What do you think is the key to creating an authentic picture of a particular historical period?

Detail, detail and more detail. Food, clothes, money, transport, anything and everything that enables the reader to ‘see’ a picture without its having to be described.

How do you approach the research for your books? Do you enjoy the process of research?

I love the research, especially meeting and talking to experts, who, without exception, I have found to be generous and supportive.  I also love libraries, most of all The British Library. Best of all, though, is what I call ‘tramping the streets’ – visits to Malmesbury, Romsey, Waterloo, Stationers’ Hall, St Monans and elsewhere, often accompanied by my willing assistant (wife).

Do you have a special place to write or any writing rituals?

I write in my little study, usually with the door closed. That tells everyone that I am working and should only be disturbed if war has been declared. I have no particular rituals but am most productive in the pre-drinks hours of three to six.

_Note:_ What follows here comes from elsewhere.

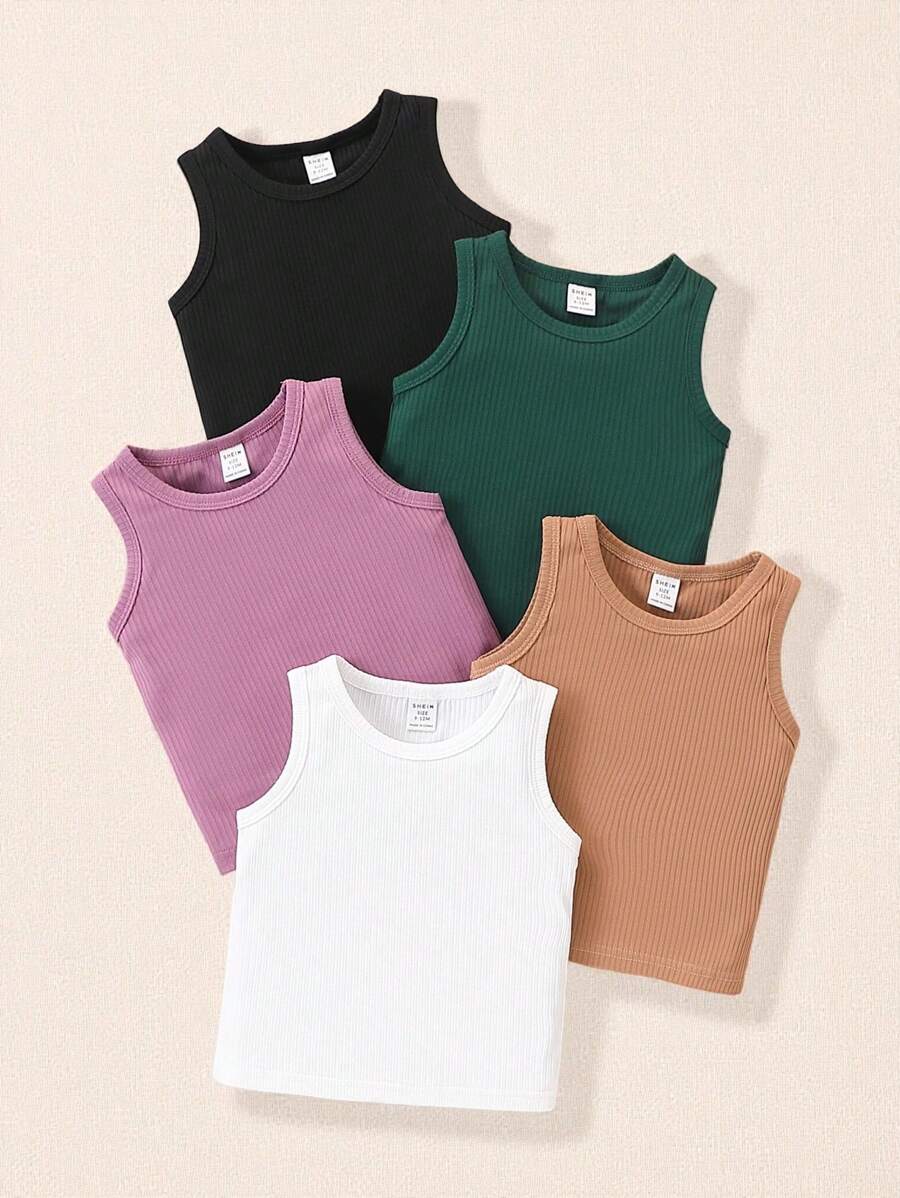 5pcs Baby Girls Can Wear A Simple And Casual Sleeveless Tank Top Five Piece Set In Spring And Summer - Multicolor - View 1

What other writers of historical fiction do you admire?

At the head of a long and distinguished list of ‘auto-buys’ are C J Sansom, Robert Harris and Rory Clements.  There are many others. [I agree.  Those are some of my favourites too!]

What are you working on next?

The sequel to Incendium, set in 1574.  I would very much like also to write another collection of shorter stories.

Thank you, Andrew, for those fascinating answers to my questions.  Now, read on for my review of Beautiful Star & Other Stories….

My Review

In Beautiful Star, the author has taken what might have been considered footnotes in history and fashioned them into compelling, character-driven stories.   I felt the stories really came alive when the author unleashed his writer’s imagination to conjure up the sights, sounds and smells of the period and to populate the historical fact with believable characters.

I simply devoured the stories in Beautiful Star and found something to enjoy, wonder at or be intrigued by in each of them.

In the title story, ‘Beautiful Star’, set in a Fife fishing village in 1875, the reader gets a wonderful insight into the lives of the fishermen and their families.  There is fascinating detail about the craft of ship building (including the local boats known as Fifies), the seasonal nature of life in the village driven by the movement of shoals of fish and the colourful itinerant workers who flock to St Monans during ‘the Drave’, when the herring shoals congregate in the Forth of Fife.   My favourite amongst these were the ‘fisher lassies’, who arrive to gut, sort and pack the herring.  Spending most of their time up to their elbows in fish guts and salt, the leisure time of these tough, hardworking women is spent knitting, often while going for an evening stroll.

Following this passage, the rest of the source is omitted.